Now that I’m done groveling, apologizing and overly explaining, I am going list singers/groups/bands that I really will just say “no” to if Pandora begins playing them so quickly that my speed would cause chocolate to melt. mmmmm….melting chocolate….mmmm….bacon….wait…anyway….
10. Taylor Swift: I really liked Teardrops on My Guitar. I thought it was a decent song. Everyone should whine a bit. But please, STOP IT TAYLOR. You’re a cute girl. But sing something you can shake your hips to or get off the stage. (In Kanye West voice) I’m sorry Taylor, I’m gonna let ya finish, but I think Stephenie Meyer did a better job at pulling at 14-year old DUFF’s heartstrings.
9. Rage Against the Machine: Say what? No, seriously. I haven’t a clue what they’re saying. I feel like Satan himself is going to come out of the machine before me and eat me alive. I feel like there’s such a thing as Obese Metal because of these people.
8. Mandy Moore: I don’t know what to say. Not a fan. (Kelly Clarkson has brought me to her unfortunately. But Kelly’s hotter. So is Carrie Underwood. Your thoughts on either of these two fine ladies are irrelevant to my listening preferences.)
7. Jessica Simpson: Good news here, I don’t think I’d recognize one of her songs if my station played them. Bad news is, I have Kelly Clarkson (who is hot singing Miss Independent, I’ll have you know)
6. Hanson: My brother and I were watching the MmmBop music video (I just sang “Music still on MTV” in my head from 1985) when it first came out. First thought I had was: “Who are the ugly chicks?” I think their CDs should be used as ninja stars. No wait, that’s an insult to ninjas everywhere. (Side note: did you know that an old version of Word did not recognize the word ‘ninja?’ What was up with that?)
5. Jonas Brothers: I think I just threw up in my mouth a little typing the name. Moving on.
4. Miley Cyrus: So, I really like the song “The Climb.” It teaches good principles.
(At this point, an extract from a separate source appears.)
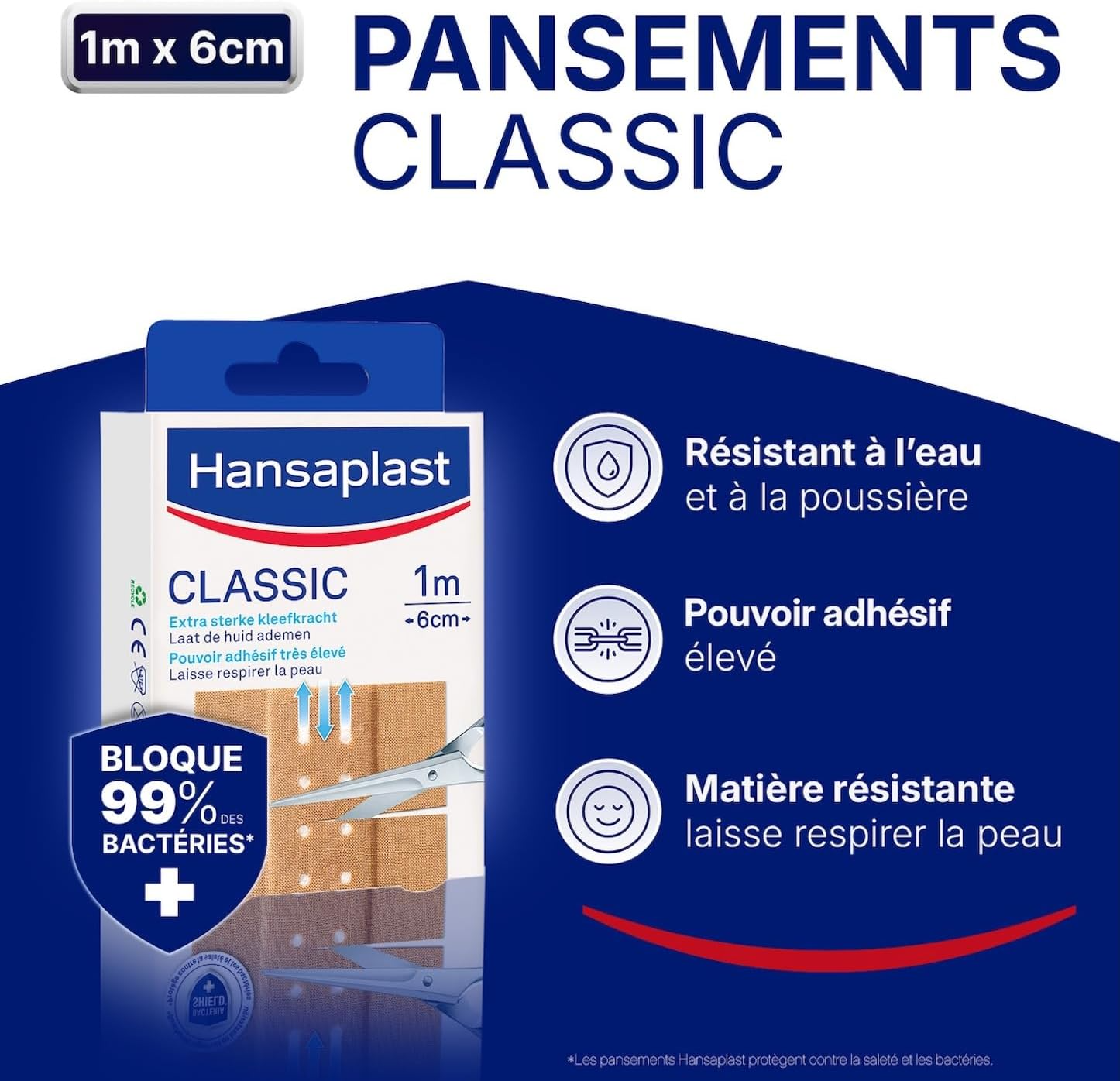 HANSAPLAST - Pansements Classique à Découper 1m - 1 Unité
But….really, if you like Miley Cyrus then all her little Disney fiends (yes, that’s not misspelled) join her. And then it’s like an invasion of spew. I’m good.
3. Eminem: I see the name. I cringe. I read the name. I run to my nearest grocery store and buy a yellow bag with candy-shelled, chocolate covered peanuts.
2. Katy Perry: I think she needs to title a song “Horny Guys Think This Topic is Hot, So I’m Going to Sing It For Attention.” ‘Nuff said. Every station I create thinks that she needs to pop up on it. And I quickly ‘NO’ her away.
1. Justin Bieber: I heard Daniel Radcliffe (Harry Potter for those who don’t know) once say that he hear the Evil Beaver sing and thought it was a girl. That was a ROFLMAO moment. Less than a week later, I asked my Pandora, “Who is that annoying chick singing about other chicks? Since when did my music swing that way?” When I clicked on over, I almost hurled my stapler at the monitor when I saw that it was the Evil Beaver. I laughed when I realized I asked the same question as Daniel Radcliffe. At least he has good taste in music.
Alien abductions are involuntary, but probings are scheduled.